We see that with the Keystone XL. This is the tragic irony, Chair, especially with the Keystone XL pipeline. The Alberta portion of that pipeline is in my constituency, and I saw about 2,000 jobs lost because our Liberal Prime Minister refused to work with his American counterpart because they were so blinded by ideology around the future of energy security in North America that they cancelled the pipeline at a time when Conservatives were vocally saying the entire time that energy security would be key to our world's security future. Yet, we see that the Liberals capitulated. We see that with the just transition, a policy that is designed to divide Canadians for narrow political gain. We see this with LNG.

Again, there were, I think, 18 projects on the books when Justin Trudeau took office. Never before in Canadian history.... Whether it be Canada's fiscal situation, whether it be with the economic opportunities, Justin Trudeau was handed a circumstance that any world leader would be jealous of, yet he squandered it away for narrow political gain.

Chair, the reason that this is so applicable to the conversation we are having today around this amendment and the motion is because the Liberals, throughout the last eight years, have led our country to a point where Canadians are pitted against one another and where there is division layered upon division. The result is that we have seen less prosperity.

The result is that we have seen political divisions that are incredibly harmful. In fact, just this past week, you had Liberals who were almost incoherent because Canadians would dare question that they were concerned about the activist environment minister—the same environment minister who was criminally charged for environmental activism—who would try to influence so-called independent senators, although they certainly showed their hand in the last week. Members of that Liberal party were so outraged that Canadians would dare to share an opinion that contradicted their official narrative.

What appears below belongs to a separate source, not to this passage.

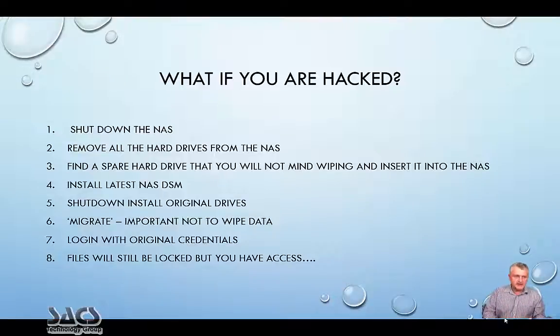Here are a couple of recommendations from Synology if you have been hacked. Shut down your NAS device. Remove all hard drives from the NAS. Find a spare hard drive you don't mind wiping and insert it into the NAS. Install the latest NAS firmware, then shut down. Migrate your data — this is important — migrate your data so it's not wiped. You can then log in with your original credentials. The problem, though, is that although you have access to your admin GUI, all your files will still be encrypted.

It is truly unbelievable and shameful.

Chair, many of my constituents, as I shared at the last meeting, remember Pierre Elliott Trudeau and the divisions perpetrated upon our country. In fact, I often still hear—Rick would probably remember some of those days, as I wasn't born yet—that many are not surprised that the son of Pierre Elliott Trudeau would continue along that path where he—you've heard of the Trudeau salute—would continue to divide this country for political gain.

It is unbelievable. It is unacceptable, and Canadians deserve better.

Chair, I hope for this committee that Liberal, NDP and Bloc members will take seriously this common-sense amendment to try to take some of the language of division, the politics of division, out of this motion, which has been brought forward for no other reason than to continue perpetrating that division upon Canadians, east versus west, north versus south, urban versus rural and, in this case, the rest of the country against Alberta.

I look forward to continuing the discussion on this. I hope that this committee will see that better is possible, that we can bring home a country that is once again unified. However, the history of the last eight years certainly does not give me and my constituents optimism in that regard. That is why we so desperately need a change. We need a government that is willing to put the unity of our country ahead of personal partisan political goals, and as we increasingly see with the number of scandals that seem to be making Liberal insiders rich, their personal financial interests.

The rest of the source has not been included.